NAIROBI, Kenya, Oct 23 – Victims of police brutality and other excesses are likely to get justice more quickly if a newfound working relationship between the National Police Service (NPS) and the Independent Policing Oversight Authority (IPOA) blossoms.
Since its inception in 2012, the authority has had a strained relationship with the police, and has accused the NPS of derailing its mandate of ensuring they are professional and accountable.
But in his first visit to the IPOA offices, Inspector General of Police Joseph Boinnet extended an olive branch to the newly sworn-in board, saying he is ready to iron out any outstanding issue that may have constrained their relationship.
Addressing journalists on Tuesday after meeting the new board members led by Chairperson Anne Makori, the Inspector General of Police said the courtesy call was meant “to reset our working relationship.”
Going forward, he committed to having a robust rapport with IPOA – sentiments shared by Makori – in ensuring the NPS is not only people-centred but accountability is deeply ingrained in the execution of its mandate.
“We acknowledge that there were indeed some difficulties and we have agreed that we will henceforth find ways of working well together whenever they occur,” the IG said.
While IPOA is the civilian body mandated to investigate police excesses, NPS has an internal body – the Internal Affairs Unit.
“The few within the police who are found in breach of the law, our internal affairs unit can on its own motion investigate that matter or request IPOA to take it up or corroborate,” he said.
The police-public relationship has been for long been strained but IG says their new partnership is likely to improve it as they ensure officers are accountable for their own actions.

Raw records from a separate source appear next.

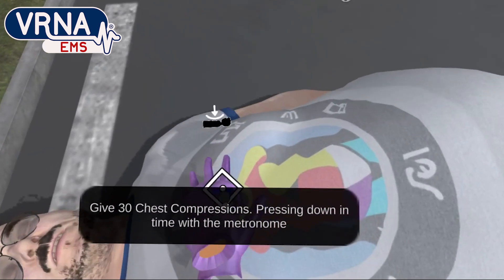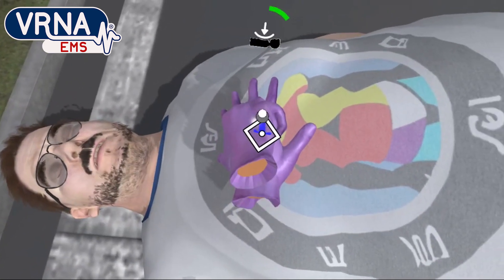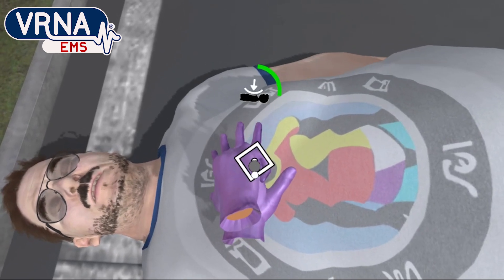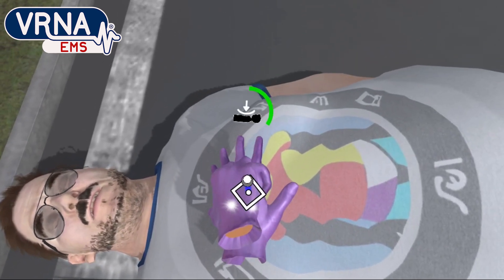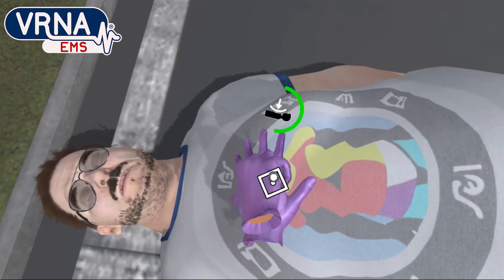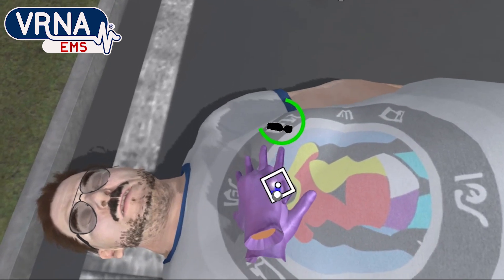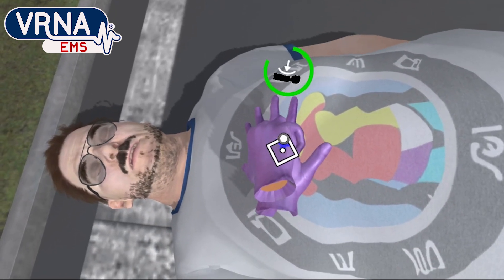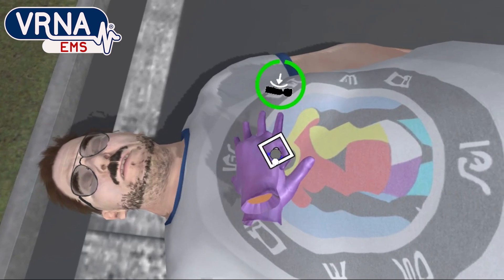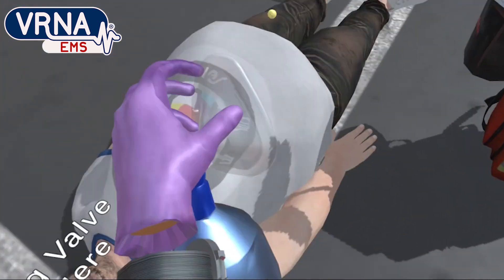Give 30 chest compressions, pressing down in time with the metronome. Give two rescue breaths using the bag valve mask.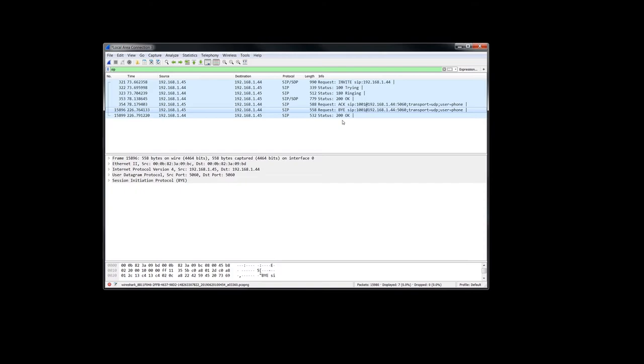Also, a PBX can record both ends actually of the conversation. If an operator puts you on hold, then they can just redirect the SIP stream to another server that just records whatever RTP it can pick up.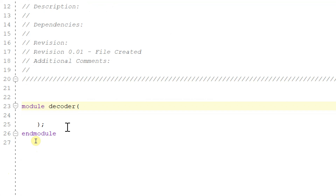Hello all, welcome to my YouTube channel. In this video, we will see the coding of our decoder module. In our project, the decoder module is used for selecting the respective slave.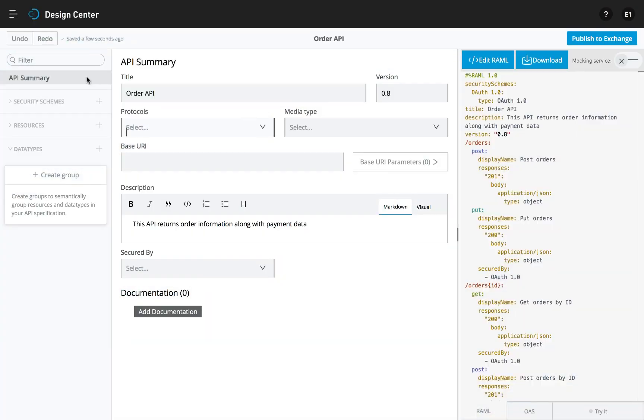Anypoint API Designer provides a web-based interface for designing, documenting, and testing APIs.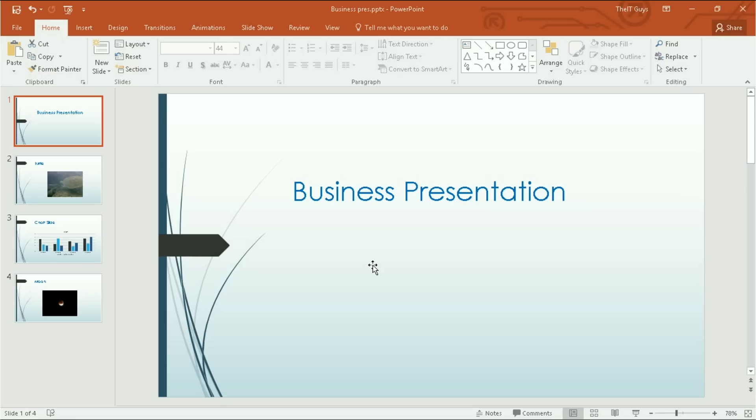Hello, it's the ITGuys99 here. Welcome back to Microsoft PowerPoint 2016. So today we're going to be looking at the master slide view within PowerPoint.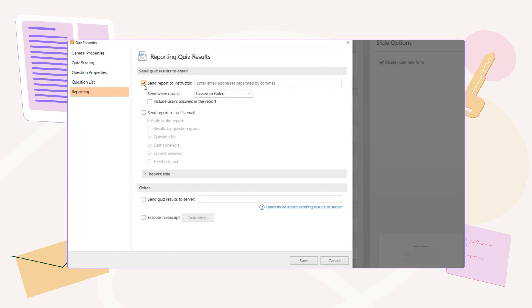Select the Send Report to Instructor checkbox and type in one or more email addresses in the text box beside it.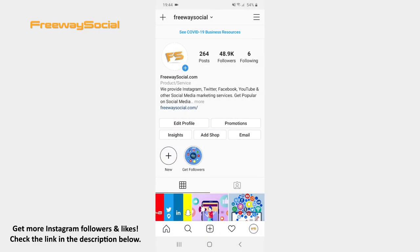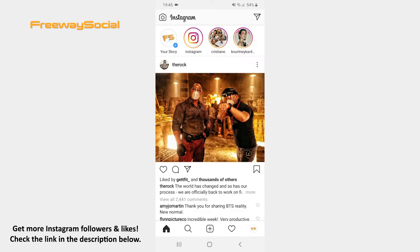If you want to point to something in your Stories post with an arrow brush, it is easier to do that. Follow these steps and you will figure out how you can draw arrows. Go to the Instagram home tab. Swipe right or click on Your Story in the top-left corner of the screen.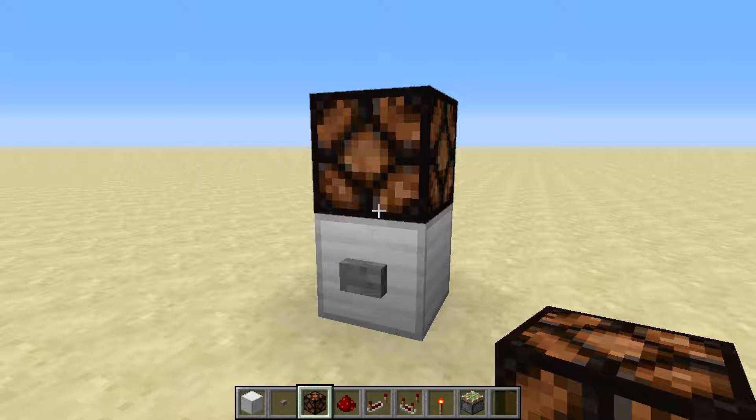Hello everybody, welcome back. Tinker 77 here. Today we're going to go over the monostable circuit.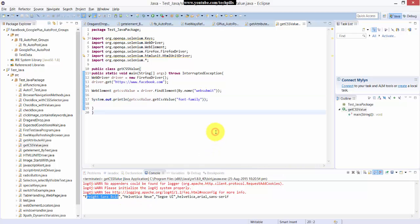This is how you can verify your CSS property values. Once the development team has deployed new code, you can verify it in the same way.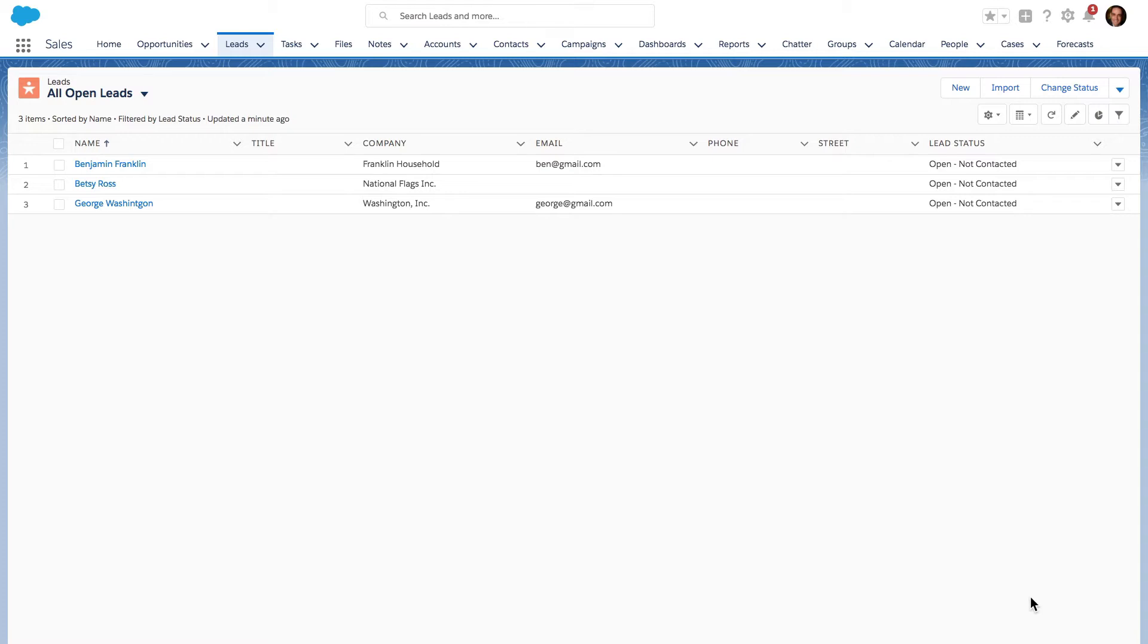The first thing I'm going to show you is how we can now edit many records, up to 200 to be specific. We can update up to 200 records in the ListView without actually leaving the ListView itself.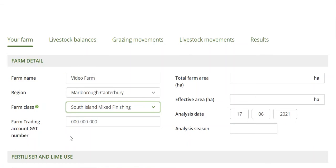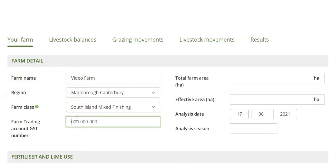Then we come to the farm trading account GST number. We will not share any information from these files, but what we need to meet the He Waka Eke Noa milestones is to report the number of farms that have done this. After consulting with our economic service managers and other stakeholders, the GST number has proven to be the most ubiquitous unique identifier of a farm business. So if you, your parents, and your accountant all do the same farm, we're still only counting one farm and not double counting. This will not be shared — it's private, we don't see it, and it's solely used as that unique identifier.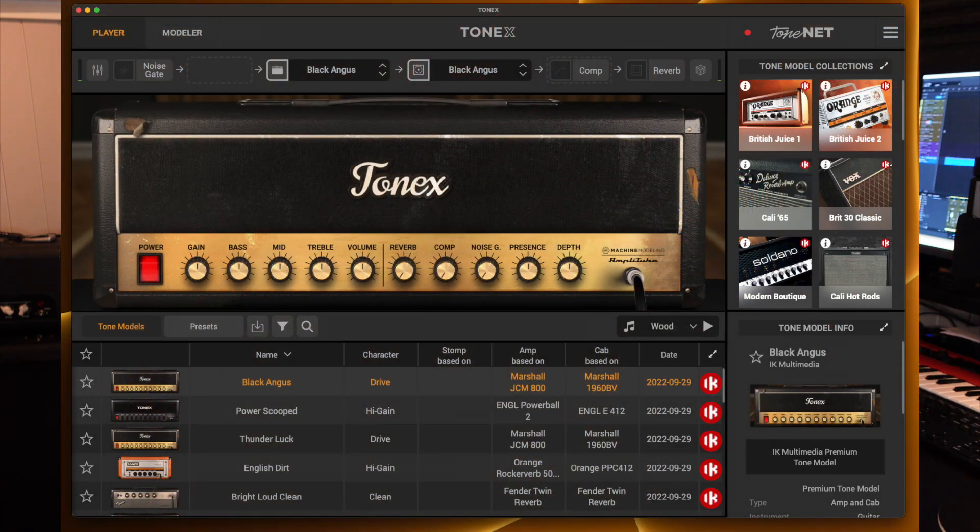Some of you have already heard about the new Tonex capture system from IK Multimedia, which sounds really good and has a lot of great reviews. The Tonex system costs money if you want to get into it. There's a free version that lets you play a couple of captured amps from IK, but if you really want to get into the whole amp capture thing, you need to buy one of the paid versions to capture your own amps and access shared amps from other users.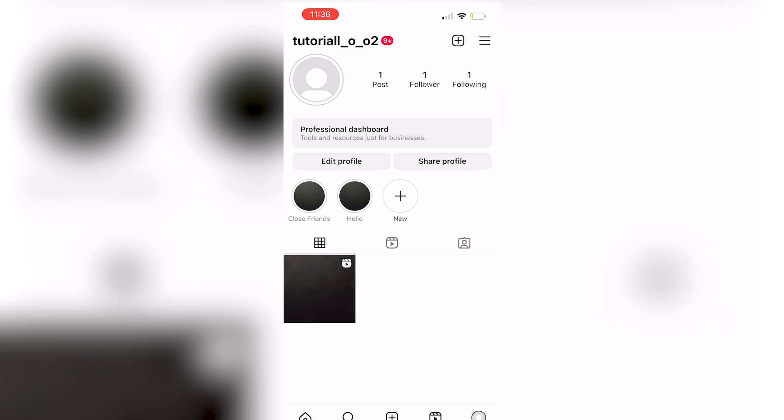Now, if you post a story and you post it to just your close friends and then you add that story to a highlight, that highlight will only be available to those close friends.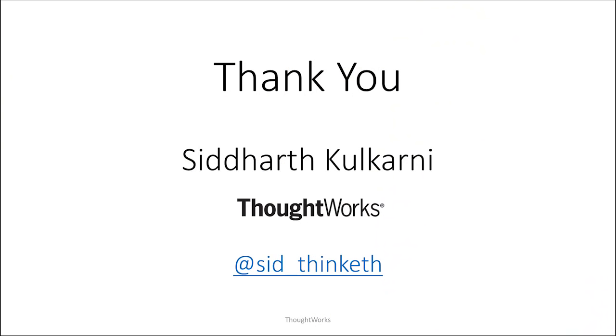And with that I would like to open the floor for questions, thank you.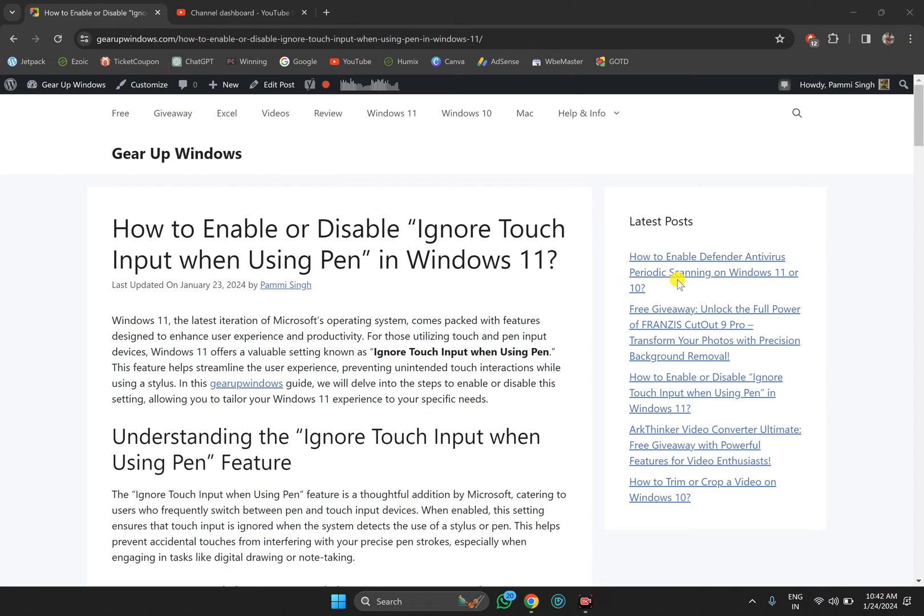If you have a touch screen laptop and use a stylus or pen, you can avoid accidental hand touches on Windows 11 using the Settings app.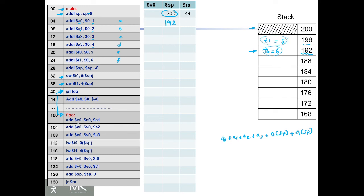First we're going to add a0 and a1 and assign the result to v0. Then we're going to add v0, which is now a0 plus a1, plus a2. Then add v0 and a3.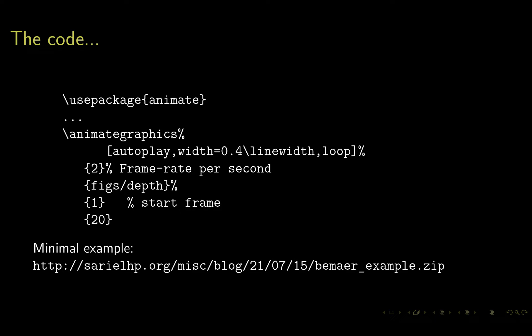The next option, two, means the frame rate per second—so two frames per second. The next option is where the figure is located: under the subdirectory figs, it's called depth (depth.pdf). Then the next two options are the start frame and end frame. I've included a minimal example that is available in the link below, which is also available in the comments of this video.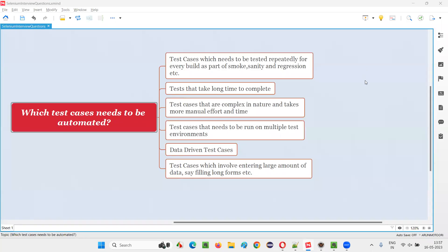Hello all, welcome to this session. In this session, I am going to answer one of the Selenium interview questions: which test cases need to be automated? Do we have to automate all test cases? The answer is no. We don't have to automate all the test cases. Based on what criteria we have to select and automate them, I am going to answer in this session.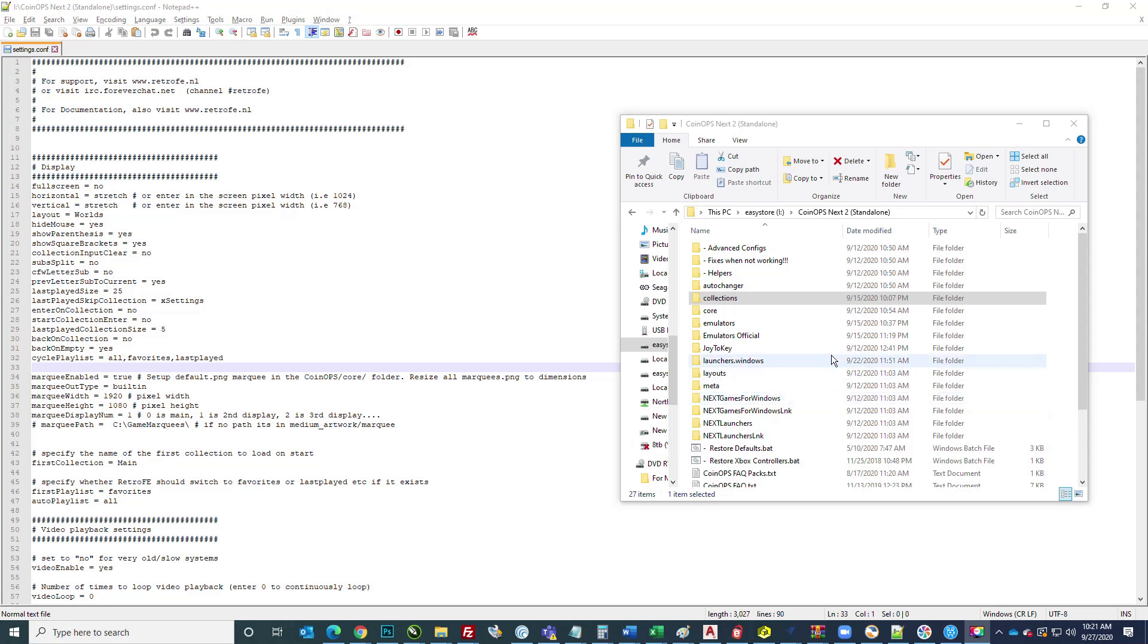I'll put a link in the description, but the first thing you're going to want to do is download Notepad++. It is free, so download and install that.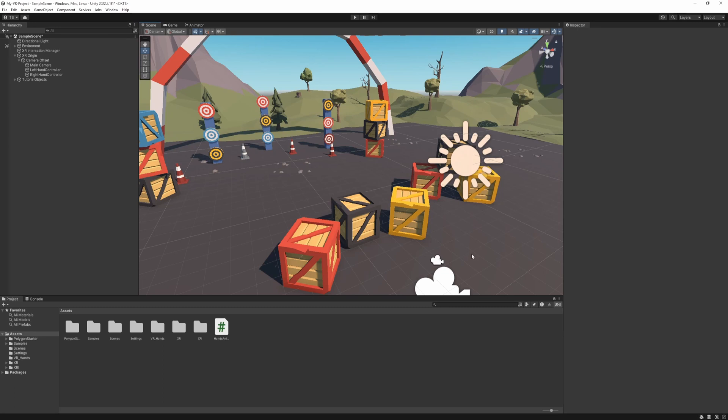So we are back in Unity. If we want to grab objects, we basically need two things. We need an object that is interactable, and we also need our hands to be able to detect that we are grabbing something. Because at this point, if we are pulling the trigger, it's only doing animation. So first we need to make our hands be capable of grabbing objects.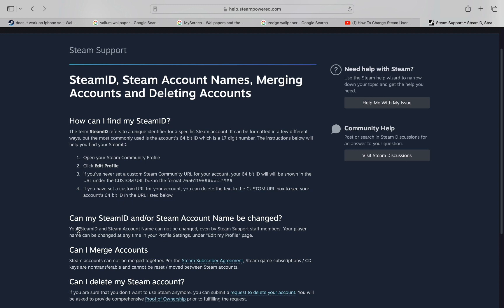What this means is that it is not possible to change the username that you use to login to Steam. As clearly stated here, even Steam support staff members cannot change the Steam ID.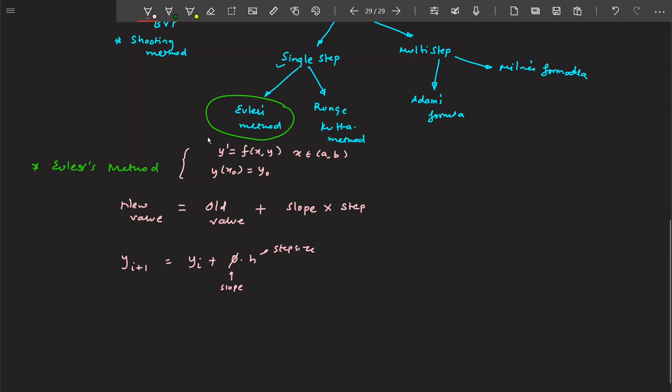The new value of y — basically, when you want to find the solution of a differential equation, what you actually want to find is the underlying unknown function, which in this case is y. Once you find y, what you've found is the solution to the differential equation. So this technique finds y_(i+1), the new value, as y_i + φ·H, where H is the step size.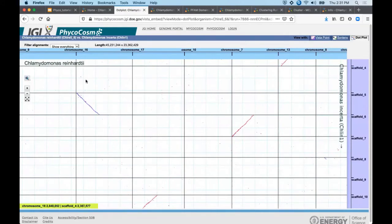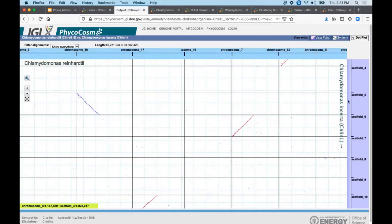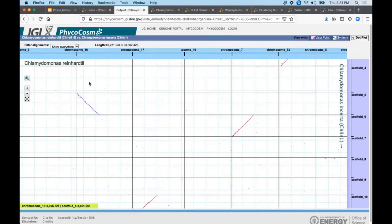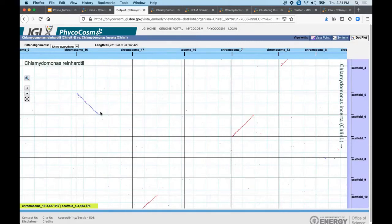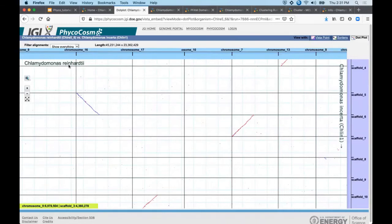We have C. reinhardtii displayed on the x-axis and my selected comparator, C. incerta, on the y-axis. And these diagonal lines show regions of shared global alignment. For example, C. incerta scaffold 5 here happens to be entirely syntenic with this particular region of chromosome 16 in C. reinhardtii.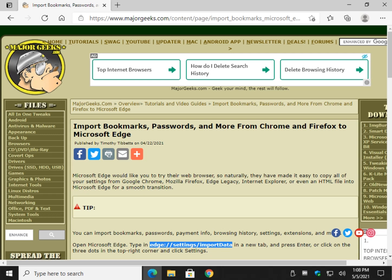Hey there Geeks, Tim with MajorGeeks.com. Today we're going to show you how to import bookmarks, passwords and more from Google Chrome or Firefox to Microsoft Edge.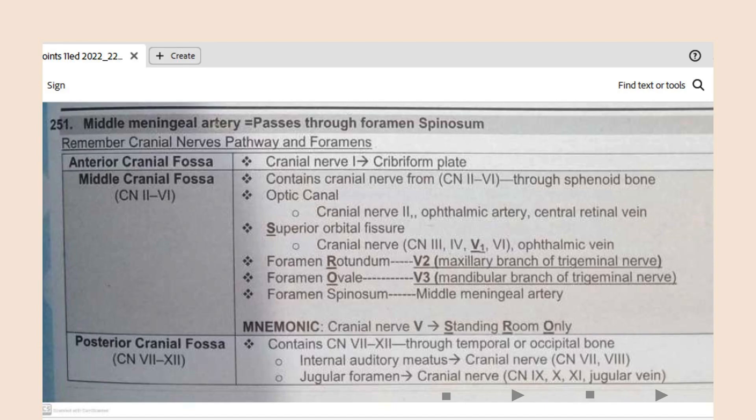An important mnemonic you need to remember is Standing Room Only. S is for superior orbital fissure — through this fissure, cranial nerves 3, 4, 6, and the ophthalmic division of the trigeminal nerve, along with the ophthalmic vein, pass. The maxillary branch passes through foramen rotundum and the mandibular branch passes through foramen ovale.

The IPOA Chairperson who echoed the IG’s sentiments said they should all execute their mandates as enshrined in the constitution.
“This was a courtesy call. We did not go to the in-depth discussions of our respective work that is ongoing but we believe in continued strengthening of that working relationship going forward,” she said.
“Our commitment is to continue ensuring robust civilian oversight over policing but with the aim of building public trust and confidence.”
This relationship, she clarified will not compromise their quality of investigations.
IPOA is currently probing 243 killings caused by police all reported within the last 12 months.
Also being investigated are 86 cases where security agencies are being accused of inflicting serious injuries on victims.
When tasked over the low number of successful prosecutions, the inaugural board attributed this to poor documentation of medico-legal evidence, non-cooperation, misunderstood mandate by police and fear of victimization by both victims and witnesses by perpetrators.
Since its inception, the authority has received 10,381 complaints against authorities.
Some of the complaints are bribery, extortion, inaction, harassment, arbitrary arrest, unlawful detention, assault, killings, welfare issues, degrading cells and recruitment issues among others.
According to Independent Medico-Legal Unit statistics, 822 people died from police bullets between 2013 and June 2018.
Of these, 58 happened between January and June this year – 44 cases are of summary executions.
The visit comes when NPS is struggling to redeem itself from a troubled past marred by cases of deaths caused by police and harassment.
The government is currently implementing radical reforms within the service, to ensure it gets to the internationally accepted standards.